§ **Problem details**
Nothing but the lines from the one containing "Vintage Cufflinks for" through the one containing "Lampa ogrodowa stojąca, słupek", both included, should be given again, each exactly as written below.

[Data entries]
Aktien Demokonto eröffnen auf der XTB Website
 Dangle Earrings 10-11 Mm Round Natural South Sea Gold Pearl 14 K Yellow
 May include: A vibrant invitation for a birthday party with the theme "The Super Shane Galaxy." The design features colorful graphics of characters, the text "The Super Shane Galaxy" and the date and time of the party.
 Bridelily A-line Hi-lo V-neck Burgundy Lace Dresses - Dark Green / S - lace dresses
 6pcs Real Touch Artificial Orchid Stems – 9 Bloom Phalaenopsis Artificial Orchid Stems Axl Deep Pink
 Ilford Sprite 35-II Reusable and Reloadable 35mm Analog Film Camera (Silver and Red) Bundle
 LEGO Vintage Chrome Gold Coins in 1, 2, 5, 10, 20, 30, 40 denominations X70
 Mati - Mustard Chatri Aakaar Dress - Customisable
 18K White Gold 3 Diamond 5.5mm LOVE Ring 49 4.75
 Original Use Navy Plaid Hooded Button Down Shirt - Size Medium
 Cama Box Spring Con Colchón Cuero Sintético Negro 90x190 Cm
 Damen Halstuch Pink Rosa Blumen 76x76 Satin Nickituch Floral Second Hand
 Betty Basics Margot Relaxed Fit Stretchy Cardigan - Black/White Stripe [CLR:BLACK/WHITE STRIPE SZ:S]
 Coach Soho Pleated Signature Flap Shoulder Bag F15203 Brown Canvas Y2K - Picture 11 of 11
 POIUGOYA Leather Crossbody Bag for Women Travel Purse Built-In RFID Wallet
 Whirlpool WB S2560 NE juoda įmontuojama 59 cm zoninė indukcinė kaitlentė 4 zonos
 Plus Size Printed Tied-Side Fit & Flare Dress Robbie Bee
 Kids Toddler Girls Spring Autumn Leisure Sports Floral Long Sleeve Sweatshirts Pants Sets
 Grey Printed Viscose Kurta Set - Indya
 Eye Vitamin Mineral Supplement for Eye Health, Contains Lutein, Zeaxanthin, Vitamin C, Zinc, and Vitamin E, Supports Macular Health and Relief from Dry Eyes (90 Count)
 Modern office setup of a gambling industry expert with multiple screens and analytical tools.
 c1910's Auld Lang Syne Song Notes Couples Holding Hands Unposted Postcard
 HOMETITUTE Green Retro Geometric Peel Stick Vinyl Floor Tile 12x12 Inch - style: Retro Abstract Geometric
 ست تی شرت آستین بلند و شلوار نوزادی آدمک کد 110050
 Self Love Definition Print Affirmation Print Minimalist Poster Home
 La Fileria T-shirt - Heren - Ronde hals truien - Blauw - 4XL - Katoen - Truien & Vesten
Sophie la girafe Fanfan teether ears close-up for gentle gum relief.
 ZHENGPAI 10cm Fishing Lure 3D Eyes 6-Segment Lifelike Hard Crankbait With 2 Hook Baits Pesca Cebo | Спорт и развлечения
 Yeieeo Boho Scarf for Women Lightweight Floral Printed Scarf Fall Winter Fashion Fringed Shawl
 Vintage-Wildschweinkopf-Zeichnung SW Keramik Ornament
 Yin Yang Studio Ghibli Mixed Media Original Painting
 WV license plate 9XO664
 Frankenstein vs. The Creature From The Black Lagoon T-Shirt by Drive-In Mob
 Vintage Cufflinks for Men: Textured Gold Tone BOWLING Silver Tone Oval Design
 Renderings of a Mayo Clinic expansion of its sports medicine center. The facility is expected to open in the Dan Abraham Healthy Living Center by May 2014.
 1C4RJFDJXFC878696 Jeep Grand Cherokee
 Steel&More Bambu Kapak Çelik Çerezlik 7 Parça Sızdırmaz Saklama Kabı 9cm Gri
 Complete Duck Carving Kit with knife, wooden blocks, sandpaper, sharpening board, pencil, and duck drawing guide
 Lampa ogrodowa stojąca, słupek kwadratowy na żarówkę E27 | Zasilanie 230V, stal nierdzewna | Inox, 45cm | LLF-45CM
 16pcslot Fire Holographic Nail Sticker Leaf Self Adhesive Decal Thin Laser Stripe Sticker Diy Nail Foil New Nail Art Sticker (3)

§ **Problem solution**
 Vintage Cufflinks for Men: Textured Gold Tone BOWLING Silver Tone Oval Design
 Renderings of a Mayo Clinic expansion of its sports medicine center. The facility is expected to open in the Dan Abraham Healthy Living Center by May 2014.
 1C4RJFDJXFC878696 Jeep Grand Cherokee
 Steel&More Bambu Kapak Çelik Çerezlik 7 Parça Sızdırmaz Saklama Kabı 9cm Gri
 Complete Duck Carving Kit with knife, wooden blocks, sandpaper, sharpening board, pencil, and duck drawing guide
 Lampa ogrodowa stojąca, słupek kwadratowy na żarówkę E27 | Zasilanie 230V, stal nierdzewna | Inox, 45cm | LLF-45CM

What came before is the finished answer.